By Brian Robin
From ‘Seinfeld’s’ Renee to "Raisin"—Veralyn Jones’ Journey
Veralyn Jones gets recognized coming down escalators in Century City. Out of the blue, people send her things to sign—“How they got my address, I have no idea,” she said. She’s got a standing invitation to go on a podcast with two devotees of a certain iconic television show that’s “about nothing.”
This is what appearing in three episodes of “Seinfeld” will do for your Q rating. People find you. If they don’t find you at the bottom of shopping-center escalators, they seek you out by somehow finding your address to sign something for their scrapbook. Or they remember you through the conga-line of guest characters moving into and out of the lives of Jerry, George, Elaine and Kramer and want to hear more about it on a podcast devoted to all things “Seinfeld.”

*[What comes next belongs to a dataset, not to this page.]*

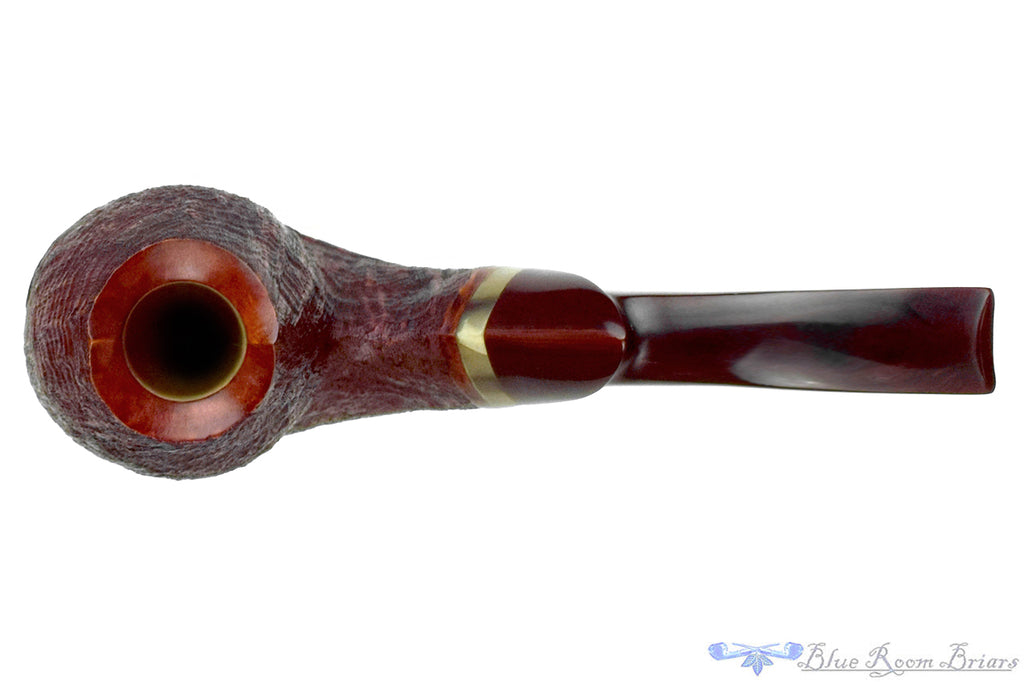 Blue Room Briars is proud to present this Drew Dunn Pipe Bent Sandblast Volcano with Horn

And yet, while Jones’ three-episode role as Renee, Elaine’s co-worker on the hit show “about nothing” from the 1990s is what brings out the pop culture fans, her career goes far beyond about nothing and into the roles of plenty. Roles like that of Lena (Mama) Younger in SCR’s critically acclaimed production of A Raisin in the Sun. The Lorraine Hansberry masterpiece runs through Nov. 12 on the Julianne Argyros Stage.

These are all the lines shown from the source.